Судебный пристав подал мне портфель, и в нем оказался ряд домашних условий, проектов договоров, справок из дел, просительных писем и ответов на них и т. п. Первым лежало условие между Гулак‑Артемовской и видным железнодорожным подрядчиком Юдиным, в силу которого первая должна была получить весьма крупную сумму в случае, если в одном из высших установлений состоится, по «чреватому последствиями» спорному вопросу, постановление в пользу этого подрядчика. Остальные документы и письма были несколько меньшего значения, как по размерам условленного вознаграждения, так и по характеру ожидавшихся при содействии подсудимой услуг.

«Господа присяжные, – сказал я, – в портфеле, который представлен мне подсудимой, действительно содержится ряд документов, подтверждающих справедливость ее заявления о получении ею вознаграждения за хлопоты по успешному окончанию некоторых дел в различных правительственных местах. Вы удовлетворены?» – спросил я Полетику. Он молча поклонился, и я закрыл заседание.

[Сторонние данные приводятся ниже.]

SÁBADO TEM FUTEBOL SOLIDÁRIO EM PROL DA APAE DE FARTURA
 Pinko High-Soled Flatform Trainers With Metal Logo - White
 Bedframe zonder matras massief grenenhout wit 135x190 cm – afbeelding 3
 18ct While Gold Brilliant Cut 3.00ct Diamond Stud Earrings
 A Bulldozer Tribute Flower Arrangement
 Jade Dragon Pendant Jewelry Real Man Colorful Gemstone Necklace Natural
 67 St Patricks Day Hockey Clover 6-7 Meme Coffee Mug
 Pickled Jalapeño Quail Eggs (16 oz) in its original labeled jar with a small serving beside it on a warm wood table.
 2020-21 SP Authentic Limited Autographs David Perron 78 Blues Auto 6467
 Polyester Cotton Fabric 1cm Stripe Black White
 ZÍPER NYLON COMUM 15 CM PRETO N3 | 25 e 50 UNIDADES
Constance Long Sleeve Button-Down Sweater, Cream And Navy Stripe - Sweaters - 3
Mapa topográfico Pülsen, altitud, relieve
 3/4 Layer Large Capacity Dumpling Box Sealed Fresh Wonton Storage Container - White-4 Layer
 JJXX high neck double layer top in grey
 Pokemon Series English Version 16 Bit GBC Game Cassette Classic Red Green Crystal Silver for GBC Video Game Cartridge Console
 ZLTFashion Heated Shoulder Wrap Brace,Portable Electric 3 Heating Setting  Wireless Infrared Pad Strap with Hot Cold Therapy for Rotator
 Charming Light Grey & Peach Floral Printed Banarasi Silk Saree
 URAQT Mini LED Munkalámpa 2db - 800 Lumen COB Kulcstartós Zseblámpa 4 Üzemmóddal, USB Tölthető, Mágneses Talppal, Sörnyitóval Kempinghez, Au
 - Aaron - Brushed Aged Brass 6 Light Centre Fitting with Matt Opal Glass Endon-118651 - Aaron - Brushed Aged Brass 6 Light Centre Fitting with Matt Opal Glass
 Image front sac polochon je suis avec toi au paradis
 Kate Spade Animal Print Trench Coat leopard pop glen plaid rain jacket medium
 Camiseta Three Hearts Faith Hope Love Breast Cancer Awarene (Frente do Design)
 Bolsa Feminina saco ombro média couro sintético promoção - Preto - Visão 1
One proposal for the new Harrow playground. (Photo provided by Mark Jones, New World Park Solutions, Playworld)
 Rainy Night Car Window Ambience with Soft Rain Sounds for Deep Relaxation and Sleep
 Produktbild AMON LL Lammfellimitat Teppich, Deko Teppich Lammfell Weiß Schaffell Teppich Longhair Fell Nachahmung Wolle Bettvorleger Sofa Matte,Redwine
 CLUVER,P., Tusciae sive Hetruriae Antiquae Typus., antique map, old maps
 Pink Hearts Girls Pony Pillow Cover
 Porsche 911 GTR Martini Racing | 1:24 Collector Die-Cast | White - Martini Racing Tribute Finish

На другой день, рано утром, у меня настойчиво потребовал свидания «на одну минутку» один из сановников, считавший себя активным деятелем либерального кружка, окружавшего влиятельного поборника почти всех великих реформ императора Александра II *. С встревоженным видом он объяснил мне, что вчера, поздно вечером, в английский клуб пришла весть о таинственном портфеле

подсудимой, сопровождаемая толкованием, что содержащиеся в нем бумаги потому не были оглашены в подробности, что первая же из них будто бы указывала на участие в проведении дел именно этого поборника, чему его злобные и многочисленные враги тотчас же поверили с ликованием. Я рассказал моему посетителю о содержании портфеля. «Но это необходимо огласить во всеуслышание, – сказал он мне, – иначе гнусное подозрение останется и укрепится». – «Стороны и присяжные не просили об оглашении, – сказал я, – а запутывать дело подробностями побочных обстоятельств не следует, тем более, что я привык к тому, что присяжные относятся к моим удостоверениям с полным доверием». – «А если стороны или присяжные попросят, – спросил, продолжая волноваться, мой посетитель, – тогда будет оглашено?» – и, получив утвердительный ответ, торопливо удалился. Очевидно, он спешил повидаться со сторонами. И, действительно, лишь только в 11 часов утра я открыл заседание, как встал поверенный гражданского истца В. П. Гаевский и заявил просьбу об оглашении главнейших из документов, содержащихся в роковом портфеле. Его просьбу поддержал товарищ прокурора, князь Урусов, и к ним, наконец, присоединился и Полетика. Тогда я прочел вслух главнейшие из документов. Вслед затем сидевший в местах за судьями мой утренний гость немедленно вышел из залы заседания. А вечером в тот же день был подписан указ Сенату об увольнении бывшего сановного поручителя за Гулак‑Артемовскую от долголетней службы без прошения. Оказалось, по справкам, что несчастный старик, личная честность которого была вне всяких сомнений, поддавшись чарам ловкой женщины и ничего не подозревая с ее стороны корыстного, вероятно, пообещал ей заступиться в коллегиальном совещании за «бедного» подрядчика и на свою гибель сдержал свое обещание, забывая, что «1а femme de Cesar ne doit pas etre souponnee» l. Все, из которых многие, быть может, сознательно участвовали и не в таких делах, отвернулись от него. Опозоренный, разбитый физически и нравственно, он уехал за границу и там вскоре умер. Мстительное торжество Гулак‑Артемовской не послужило ей, однако, в пользу, и вечером на четвертый день, весь занятый прениями сторон и моим руководящим напутствием, присяжные вынесли ей обвинительный приговор. Она выслушала его спокойно, поклонилась суду и потом, гордо выпрямившись и презрительно взглянув на вышеупомянутого свидетеля‑обвинителя, ждавшего исхода процесса, громко, на всю залу, спросила его: «Вы довольны?!»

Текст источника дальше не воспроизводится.